Copycat Lofthouse Cookies

  • Prep time: 15 min
  • Cook time: 12 min
  • Total time: 30 min

These copycat lofthouse cookies taste exactly like the super soft, melt in your mouth sugar cookies from the grocery store. Get all that nostalgic soft sugar cookie-y goodness right at home without all the preservatives! 

Share
  1. Blog
  2. /
  3. Desserts
  4. /
  5. Cookies
  6. /
  7. Copycat Lofthouse Cookies

Copycat Lofthouse Cookies

These copycat lofthouse cookies taste exactly like the super soft, melt in your mouth sugar cookies from the grocery store. Get all that nostalgic soft sugar cookie-y goodness right at home without all the preservatives!

copycat lofthouse cookies

Super soft copycat Lofthouse cookies

While I love a good homemade baked good, I do have a soft spot for a select few store bought sweets. Like I know that we have gourmet browned butter chocolate chip cookies at home, but every so often I get a real hankering for the queen of all grocery store cookies: Lofthouse sugar cookies. You know the ones. They’re impossibly soft, super sweet, and they sort of stick to the roof of your mouth in the best way with every bite. There’s a different color for every major holiday (christmas, valentine’s day, halloween…they truly come in ever color) and their number one ingredients is sugar.

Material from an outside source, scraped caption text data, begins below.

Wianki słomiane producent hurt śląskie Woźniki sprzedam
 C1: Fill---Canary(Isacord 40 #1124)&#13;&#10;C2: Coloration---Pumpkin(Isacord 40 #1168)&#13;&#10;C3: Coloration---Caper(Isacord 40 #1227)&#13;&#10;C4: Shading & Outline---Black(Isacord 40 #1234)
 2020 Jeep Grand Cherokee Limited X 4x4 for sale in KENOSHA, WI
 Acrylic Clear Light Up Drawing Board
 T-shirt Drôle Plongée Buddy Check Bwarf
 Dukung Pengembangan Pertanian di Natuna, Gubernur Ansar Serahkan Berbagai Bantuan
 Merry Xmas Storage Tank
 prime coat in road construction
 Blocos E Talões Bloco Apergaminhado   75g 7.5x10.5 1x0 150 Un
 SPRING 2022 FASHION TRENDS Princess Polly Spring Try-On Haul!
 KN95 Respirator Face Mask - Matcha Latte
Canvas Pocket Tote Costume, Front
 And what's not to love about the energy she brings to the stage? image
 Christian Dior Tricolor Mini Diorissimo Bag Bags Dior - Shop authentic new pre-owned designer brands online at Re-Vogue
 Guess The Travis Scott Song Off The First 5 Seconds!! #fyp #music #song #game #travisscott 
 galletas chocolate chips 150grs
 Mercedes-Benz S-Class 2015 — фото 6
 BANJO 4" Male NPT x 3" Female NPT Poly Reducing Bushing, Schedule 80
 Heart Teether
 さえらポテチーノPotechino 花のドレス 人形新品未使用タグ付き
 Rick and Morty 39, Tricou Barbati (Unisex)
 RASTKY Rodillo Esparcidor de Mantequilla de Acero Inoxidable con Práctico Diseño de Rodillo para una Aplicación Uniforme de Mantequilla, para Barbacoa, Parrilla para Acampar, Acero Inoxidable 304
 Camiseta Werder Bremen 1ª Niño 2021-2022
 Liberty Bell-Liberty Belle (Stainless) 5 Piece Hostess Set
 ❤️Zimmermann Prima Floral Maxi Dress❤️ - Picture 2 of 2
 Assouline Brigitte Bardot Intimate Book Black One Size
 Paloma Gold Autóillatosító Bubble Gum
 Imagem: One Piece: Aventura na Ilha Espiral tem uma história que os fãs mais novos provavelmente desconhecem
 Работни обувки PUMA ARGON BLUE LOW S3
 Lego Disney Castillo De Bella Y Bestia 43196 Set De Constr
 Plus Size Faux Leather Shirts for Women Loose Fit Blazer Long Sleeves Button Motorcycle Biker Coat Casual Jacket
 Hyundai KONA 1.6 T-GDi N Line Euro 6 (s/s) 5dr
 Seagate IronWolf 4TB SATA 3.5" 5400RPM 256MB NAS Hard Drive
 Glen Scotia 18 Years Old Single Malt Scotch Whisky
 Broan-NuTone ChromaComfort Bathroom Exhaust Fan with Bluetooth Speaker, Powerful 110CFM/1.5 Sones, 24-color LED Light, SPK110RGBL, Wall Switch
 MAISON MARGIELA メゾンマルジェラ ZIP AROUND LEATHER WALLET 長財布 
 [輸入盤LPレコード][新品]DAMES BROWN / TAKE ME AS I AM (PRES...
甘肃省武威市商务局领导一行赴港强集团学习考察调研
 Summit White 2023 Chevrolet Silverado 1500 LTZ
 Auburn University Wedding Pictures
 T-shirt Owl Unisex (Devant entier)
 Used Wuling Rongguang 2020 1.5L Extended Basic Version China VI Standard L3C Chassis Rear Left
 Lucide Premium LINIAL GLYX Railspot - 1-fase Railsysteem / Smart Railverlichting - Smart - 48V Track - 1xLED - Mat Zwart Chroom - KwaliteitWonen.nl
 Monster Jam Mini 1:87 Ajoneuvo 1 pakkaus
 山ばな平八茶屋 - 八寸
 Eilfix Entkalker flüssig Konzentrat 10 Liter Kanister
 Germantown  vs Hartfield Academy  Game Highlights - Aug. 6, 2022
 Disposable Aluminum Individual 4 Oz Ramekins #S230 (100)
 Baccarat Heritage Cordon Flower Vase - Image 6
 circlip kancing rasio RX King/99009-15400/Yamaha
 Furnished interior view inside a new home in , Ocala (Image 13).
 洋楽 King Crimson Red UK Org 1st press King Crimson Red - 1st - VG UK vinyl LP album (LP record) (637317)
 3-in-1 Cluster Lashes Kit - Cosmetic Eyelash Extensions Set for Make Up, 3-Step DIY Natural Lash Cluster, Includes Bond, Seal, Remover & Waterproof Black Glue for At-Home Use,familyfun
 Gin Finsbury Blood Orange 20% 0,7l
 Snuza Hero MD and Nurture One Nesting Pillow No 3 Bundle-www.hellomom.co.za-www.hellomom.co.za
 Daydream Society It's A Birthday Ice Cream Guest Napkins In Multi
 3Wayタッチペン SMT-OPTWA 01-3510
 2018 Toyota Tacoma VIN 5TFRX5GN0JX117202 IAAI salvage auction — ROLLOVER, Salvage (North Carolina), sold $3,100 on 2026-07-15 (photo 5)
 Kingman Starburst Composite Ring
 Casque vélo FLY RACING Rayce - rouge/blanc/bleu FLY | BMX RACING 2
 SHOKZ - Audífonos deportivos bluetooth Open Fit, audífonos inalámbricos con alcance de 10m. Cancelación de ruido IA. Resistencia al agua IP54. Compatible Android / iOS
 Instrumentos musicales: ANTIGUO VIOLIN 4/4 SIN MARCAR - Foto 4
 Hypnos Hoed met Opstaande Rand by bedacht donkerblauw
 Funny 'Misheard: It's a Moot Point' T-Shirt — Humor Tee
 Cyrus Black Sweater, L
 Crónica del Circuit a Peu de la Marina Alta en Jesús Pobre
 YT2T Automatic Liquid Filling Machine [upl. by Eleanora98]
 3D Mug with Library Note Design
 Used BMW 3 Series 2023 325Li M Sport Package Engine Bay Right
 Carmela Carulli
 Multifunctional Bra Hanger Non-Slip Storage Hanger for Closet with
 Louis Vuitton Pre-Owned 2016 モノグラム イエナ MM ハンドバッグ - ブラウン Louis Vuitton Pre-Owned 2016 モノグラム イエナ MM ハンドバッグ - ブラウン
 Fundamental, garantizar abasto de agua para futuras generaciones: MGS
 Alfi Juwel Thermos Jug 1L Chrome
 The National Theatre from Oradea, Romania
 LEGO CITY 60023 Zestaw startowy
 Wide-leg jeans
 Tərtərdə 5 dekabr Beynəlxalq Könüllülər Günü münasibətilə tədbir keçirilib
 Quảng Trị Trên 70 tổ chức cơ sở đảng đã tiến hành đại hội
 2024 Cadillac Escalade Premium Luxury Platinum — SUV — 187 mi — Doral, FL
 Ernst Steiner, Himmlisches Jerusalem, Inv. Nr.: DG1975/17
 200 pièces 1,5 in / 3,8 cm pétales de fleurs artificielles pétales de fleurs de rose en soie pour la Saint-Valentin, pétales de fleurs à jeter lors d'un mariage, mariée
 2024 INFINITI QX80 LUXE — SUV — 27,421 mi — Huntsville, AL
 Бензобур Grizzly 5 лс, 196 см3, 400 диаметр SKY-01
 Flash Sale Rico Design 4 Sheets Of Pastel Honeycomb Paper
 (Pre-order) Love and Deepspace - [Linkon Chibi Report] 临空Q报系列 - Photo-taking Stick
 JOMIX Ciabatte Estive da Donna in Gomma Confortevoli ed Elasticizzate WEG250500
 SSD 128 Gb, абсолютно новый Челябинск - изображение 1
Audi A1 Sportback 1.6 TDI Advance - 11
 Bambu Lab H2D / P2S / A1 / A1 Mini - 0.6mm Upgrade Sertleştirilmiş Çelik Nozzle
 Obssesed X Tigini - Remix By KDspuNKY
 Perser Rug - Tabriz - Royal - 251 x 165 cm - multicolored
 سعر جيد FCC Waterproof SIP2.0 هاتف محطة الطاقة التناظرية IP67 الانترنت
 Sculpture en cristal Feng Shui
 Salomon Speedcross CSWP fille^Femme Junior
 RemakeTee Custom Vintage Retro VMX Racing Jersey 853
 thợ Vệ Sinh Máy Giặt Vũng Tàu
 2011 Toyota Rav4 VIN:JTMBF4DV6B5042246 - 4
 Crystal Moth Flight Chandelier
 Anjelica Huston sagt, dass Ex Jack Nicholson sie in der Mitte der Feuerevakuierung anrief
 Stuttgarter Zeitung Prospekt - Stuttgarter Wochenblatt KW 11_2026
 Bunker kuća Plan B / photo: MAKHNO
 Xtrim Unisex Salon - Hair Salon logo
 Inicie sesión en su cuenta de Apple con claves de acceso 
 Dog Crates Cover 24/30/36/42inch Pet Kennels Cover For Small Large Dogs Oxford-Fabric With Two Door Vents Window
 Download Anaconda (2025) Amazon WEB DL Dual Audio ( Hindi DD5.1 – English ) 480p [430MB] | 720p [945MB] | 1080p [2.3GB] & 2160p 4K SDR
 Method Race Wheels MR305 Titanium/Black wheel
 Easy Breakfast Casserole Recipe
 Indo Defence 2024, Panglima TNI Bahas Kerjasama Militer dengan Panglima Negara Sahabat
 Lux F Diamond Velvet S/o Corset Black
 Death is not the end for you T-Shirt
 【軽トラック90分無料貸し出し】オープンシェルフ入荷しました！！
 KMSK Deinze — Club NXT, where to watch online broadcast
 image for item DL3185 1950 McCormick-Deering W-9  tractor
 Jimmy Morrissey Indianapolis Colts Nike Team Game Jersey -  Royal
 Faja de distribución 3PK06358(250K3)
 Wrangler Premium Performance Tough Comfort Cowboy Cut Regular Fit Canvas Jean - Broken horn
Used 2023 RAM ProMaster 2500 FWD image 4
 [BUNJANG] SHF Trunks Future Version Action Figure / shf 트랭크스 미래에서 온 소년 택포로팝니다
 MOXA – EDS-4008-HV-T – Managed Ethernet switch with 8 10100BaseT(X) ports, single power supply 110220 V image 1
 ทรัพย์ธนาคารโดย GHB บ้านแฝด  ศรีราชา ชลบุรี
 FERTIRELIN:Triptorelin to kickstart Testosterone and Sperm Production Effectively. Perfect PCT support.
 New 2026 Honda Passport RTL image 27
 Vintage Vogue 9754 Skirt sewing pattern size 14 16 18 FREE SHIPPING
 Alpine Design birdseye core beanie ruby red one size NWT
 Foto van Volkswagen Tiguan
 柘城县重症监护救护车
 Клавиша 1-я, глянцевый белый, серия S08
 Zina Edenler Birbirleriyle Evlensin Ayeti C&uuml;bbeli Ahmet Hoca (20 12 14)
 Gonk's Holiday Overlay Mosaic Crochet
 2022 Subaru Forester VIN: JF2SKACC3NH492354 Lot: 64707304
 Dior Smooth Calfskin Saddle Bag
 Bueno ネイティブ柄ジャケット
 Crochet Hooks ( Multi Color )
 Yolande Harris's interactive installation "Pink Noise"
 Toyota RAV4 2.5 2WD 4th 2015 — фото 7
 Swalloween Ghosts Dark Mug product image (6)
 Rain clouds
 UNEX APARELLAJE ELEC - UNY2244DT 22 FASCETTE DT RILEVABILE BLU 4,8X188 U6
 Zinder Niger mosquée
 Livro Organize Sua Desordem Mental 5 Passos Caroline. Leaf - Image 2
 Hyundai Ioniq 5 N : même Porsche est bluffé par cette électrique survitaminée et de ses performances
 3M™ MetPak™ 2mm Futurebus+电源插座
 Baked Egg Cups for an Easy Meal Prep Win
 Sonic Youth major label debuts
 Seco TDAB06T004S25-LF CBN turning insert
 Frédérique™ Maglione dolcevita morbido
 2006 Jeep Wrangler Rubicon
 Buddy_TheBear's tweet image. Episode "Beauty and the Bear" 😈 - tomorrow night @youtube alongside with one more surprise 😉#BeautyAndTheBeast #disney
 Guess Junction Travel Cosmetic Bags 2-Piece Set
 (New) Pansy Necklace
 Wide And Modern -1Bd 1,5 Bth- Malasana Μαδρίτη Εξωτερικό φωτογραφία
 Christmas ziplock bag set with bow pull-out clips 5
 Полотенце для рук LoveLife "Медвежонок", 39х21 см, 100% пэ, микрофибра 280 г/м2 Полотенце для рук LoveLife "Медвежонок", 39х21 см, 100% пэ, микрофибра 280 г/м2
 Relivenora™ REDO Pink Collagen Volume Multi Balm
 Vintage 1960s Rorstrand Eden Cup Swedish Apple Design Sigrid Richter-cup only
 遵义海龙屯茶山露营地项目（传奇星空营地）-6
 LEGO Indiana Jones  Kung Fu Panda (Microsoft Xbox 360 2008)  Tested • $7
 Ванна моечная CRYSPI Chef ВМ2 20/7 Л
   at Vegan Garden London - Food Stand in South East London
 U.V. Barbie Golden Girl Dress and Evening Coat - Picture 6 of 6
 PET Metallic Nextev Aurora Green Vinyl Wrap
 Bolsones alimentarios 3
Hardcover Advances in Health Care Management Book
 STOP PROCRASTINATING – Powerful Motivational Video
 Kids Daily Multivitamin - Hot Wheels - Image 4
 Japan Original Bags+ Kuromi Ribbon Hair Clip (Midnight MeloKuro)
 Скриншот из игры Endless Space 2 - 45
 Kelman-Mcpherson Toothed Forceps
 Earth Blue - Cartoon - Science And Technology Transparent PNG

And gosh darn-it. They are good.

lofthouse style sugar cookies

What are Lofthouse cookies?

I’m assuming that if you’ve found yourself on this page, you probably are specifically looking for a homemade Lofthouse cookie, and have eaten many in your lifetime. I know I have. Without fail, at every dance recital, bake sale, or holiday party I’ve seen a plastic container of these tried and true store bought cookies.

But, if you’ve never actually had a Lofthouse cookie I will explain why they are so good.They’re super soft with that tender crumb you usually find in cake, but they are not cakey or spongey. Lofthouse cookies have a distinctly artificial vanilla flavor, that somehow tastes almost better than real vanilla? Weird, but true. They have the most tender, slightly dense, yet also airy texture that just melts in your mouth. They’re almost textureless. But again, in the best way. Plus they’re covered in a scrumptious frosting that seals in all of that moisture.

And this copycat lofthouse cookies recipe? It tastes just like the real deal.

lofthouse style sugar cookies

Ingredients for copycat lofthouse sugar cookies

When we set out to recreate those famous Lofthouse cookies of our youth, we obviously had to buy a box (or 3 heh), for “research purposes.” In all seriousness though, if you’re ever looking to recreate a packaged product the best place to start is the ingredients lists on the the back of the package. Rule of thumb, the order of the ingredients is listed in order from the biggest amount to the smallest.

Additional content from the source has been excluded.